I have one source file with structure as below:
ID|RcrdId|SrcId|Name|Address
row1|r1|src1#src2|val1#val2|val4#val5
row2|r2|src2#src1|val11#val12|val14#val15
row3|r3|src1|val44|val23
I need to include values in Name and Address fields only for Src2 value which is present in SrcID column, in case there is no value for SRC2, then null values should be populated in the Name and address field like below(RecordID=r3):
ID|RcrdId|SrcId|Name|Address
row1|r1|src2|val2|val5
row2|r2|src2|val11|val14
row3|r3|||
I have this sample code, but I am not able to handle the record r3 where src2 is not present and I am getting following error : AttributeError: Can only use .str accessor with string values!

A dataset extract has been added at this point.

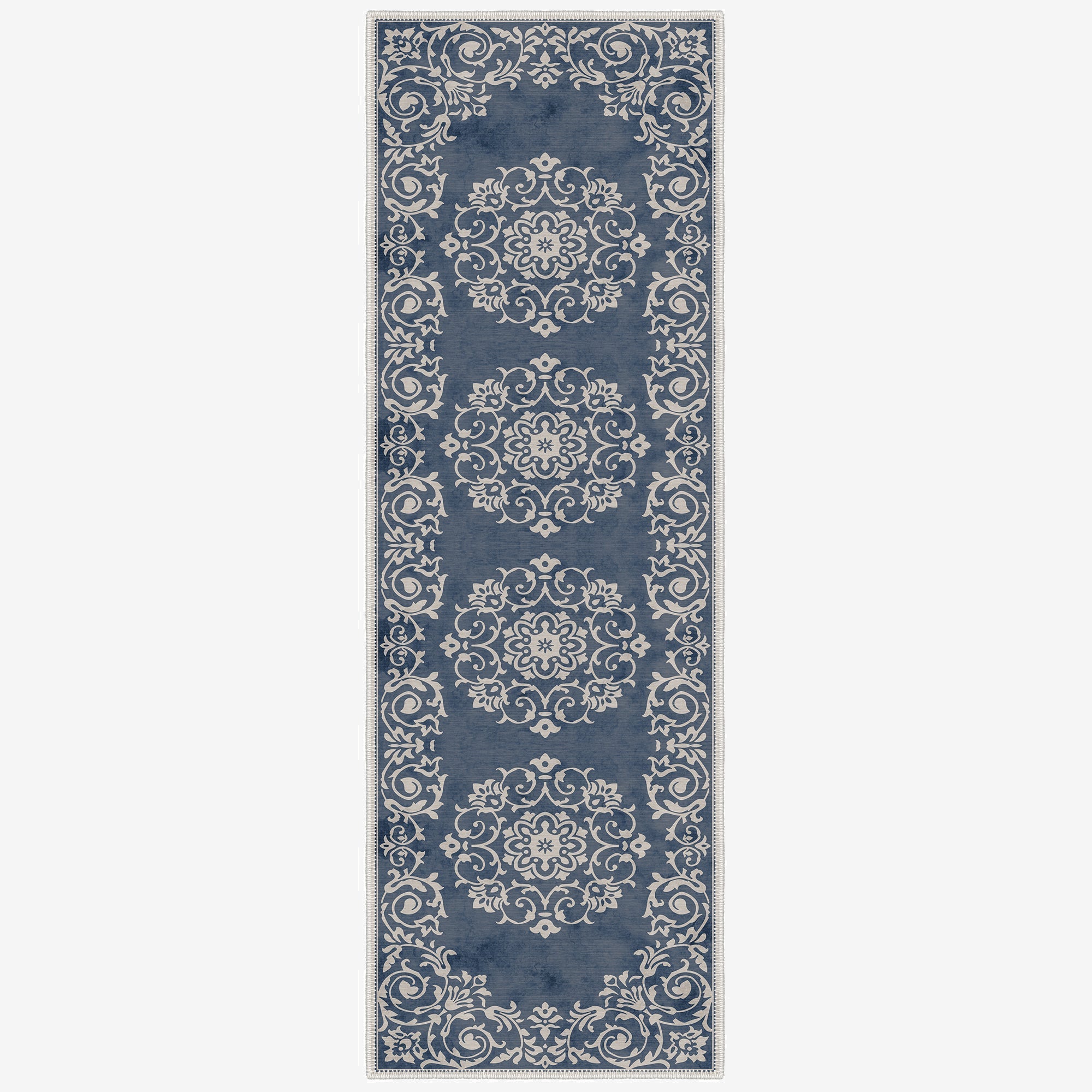 Venice Machine Washable Area Rug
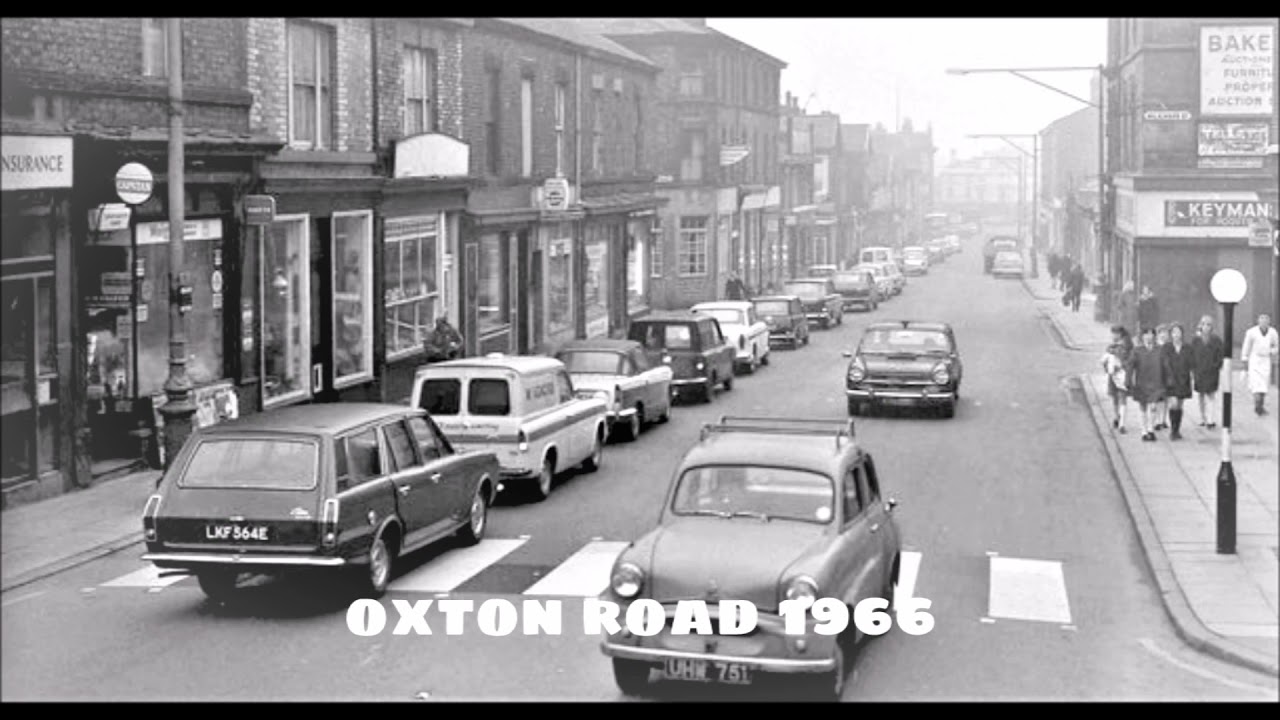 Birkenhead in old Photos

from itertools import zip_longest
cols = ['SrcId', 'Name', 'Address']
df[cols] = (df[cols].fillna(#)
.apply(lambda c: c.str.split('#'))
.apply(lambda r: next(filter(lambda x: x[0]=='src2',
zip_longest(*r)), float('nan')),
axis=1, result_type='expand')
)
CodePudding user response:
Split your values to get a list then explode it into multiple rows. Filter out your rows and fill missing values with original ones:
cols = ['SrcId', 'Name', 'Address']
df[cols] = df[cols].apply(lambda x: x.str.split('#')).explode(cols) \
.query("SrcId == 'src2'").reindex(df.index).fillna(df[cols])
print(df)
# Output
ID RcrdId SrcId Name Address
0 row1 r1 src2 val2 val5
1 row2 r2 src2 val11 val14
2 row3 r3 src1 val44 val23
Step-by-step:
>>> out = df[cols].apply(lambda x: x.str.split('#'))
SrcId Name Address
0 [src1, src2] [val1, val2] [val4, val5]
1 [src2, src1] [val11, val12] [val14, val15]
2 [src1] [val44] [val23]
>>> out = out.explode(cols)
SrcId Name Address
0 src1 val1 val4
0 src2 val2 val5
1 src2 val11 val14
1 src1 val12 val15
2 src1 val44 val23
>>> out = out.query("SrcId == 'src2'")
SrcId Name Address
0 src2 val2 val5
1 src2 val11 val14
>>> out = out.reindex(df.index)
SrcId Name Address
0 src2 val2 val5
1 src2 val11 val14
2 NaN NaN NaN
>>> out = out.fillna(df[cols])
SrcId Name Address
0 src2 val2 val5
1 src2 val11 val14
2 src1 val44 val23